Michelo Robotics, a South Korean AI-based physical robotics company, is preparing to expand into Japan and later the United States with AI systems designed for factory surface treatment tasks such as painting, sanding, and polishing, according to The Chosun Daily. The company’s software learns the motions of skilled workers and uses vision systems to guide different robotic arms in processes that still rely heavily on manual labor. CEO Park Jang-jun leads the expansion effort.
Michelo Robotics posted approximately 1.3 billion won (US$844,000) in sales last year and is targeting more than 3 billion won (US$2.01 million) in sales this year.
The company’s core philosophy centers on “Bringing Human Sense to Robot Intelligence,” reflecting its mission to preserve skilled workers’ judgment in automated processes. Rather than eliminating human involvement, Michelo positions its robots as tools that learn from and work alongside experienced craftspeople. The company describes its approach as “Human-Robot Harmony,” where machines grow alongside people rather than replace them.
Michelo’s technology captures what the company calls “tacit physical knowledge”—the hands-on expertise that skilled workers use but may struggle to explain step by step. This focus on replicating manual expertise differs from broader trends in the robotics industry.

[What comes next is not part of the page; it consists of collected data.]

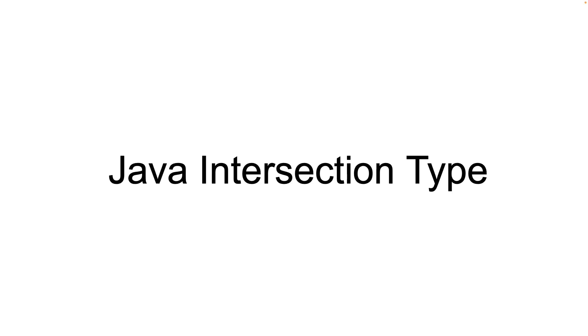In this video we will take a look at intersection types in Java. We will see what they are and where we can use them. Watch till the very end because we are going to see a concrete example of how JVM generates these intersection types.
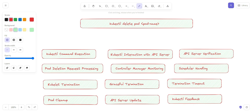Hello friends and welcome to this new session. In this session we are going to discuss about the kubectl delete pod command. We have executed this command several times but very few of us know what actions are performed behind the scenes. We will discuss this in a step-by-step manner to gracefully terminate and remove a specific pod.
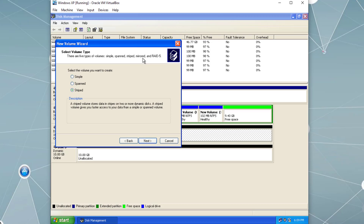Mirrored — two hard drives working together where the secondary is an exact duplicate of the first; if one drive fails the other is still running. This is known as RAID level 1. RAID 5 — striping with parity bit backup, requiring a minimum of three hard drives; data is written across multiple drives and parity bits are distributed so that if one drive fails the parity bits can reconstruct the lost data. Stripe is RAID level 0, mirrored is RAID level 1, and spanned is just a bunch of disks.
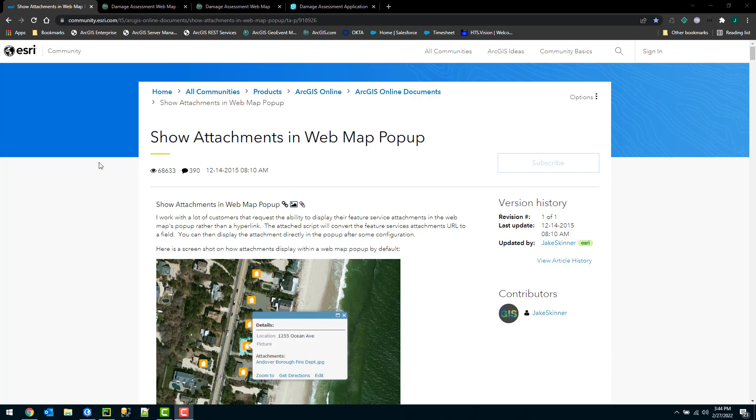Today I'm going to walk through the steps involved in the GeoNet document show attachments and web map pop-up. I'll include a link to this GeoNet document along with the video so you can download the tool that's going to be used for this workflow.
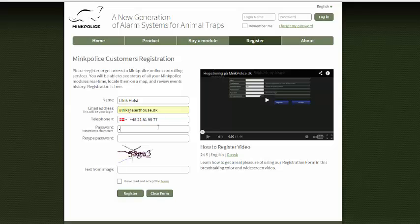Now I choose a password. I repeat the password, and here I must enter the captcha that I see. It can be a bit difficult, but if you don't get it right you will have another chance.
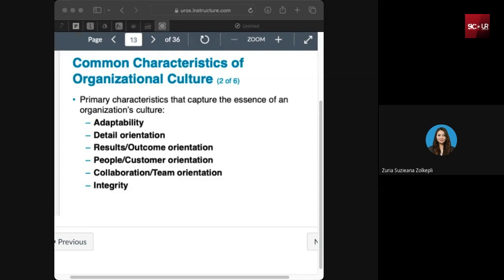Integrity is another key characteristic. For uniform bodies and enforcement agencies, their work culture should involve a lot of integrity, honesty, and transparency in their actions and decision-making process. It's all about doing what's right even when it's challenging. For example, Petronas emphasizes integrity, people orientation, result and outcome orientation, teamwork, and integrity as core characteristics.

While Michelo concentrates on capturing physical skill and worker motion, much of the robotics field is pursuing language-based reasoning approaches. Other robotics teams are incorporating large language models to enable robots to interpret broad commands and perform autonomous reasoning rather than copying human movement patterns. This positions Michelo in a narrower but specialized lane within the rapidly evolving AI robotics sector.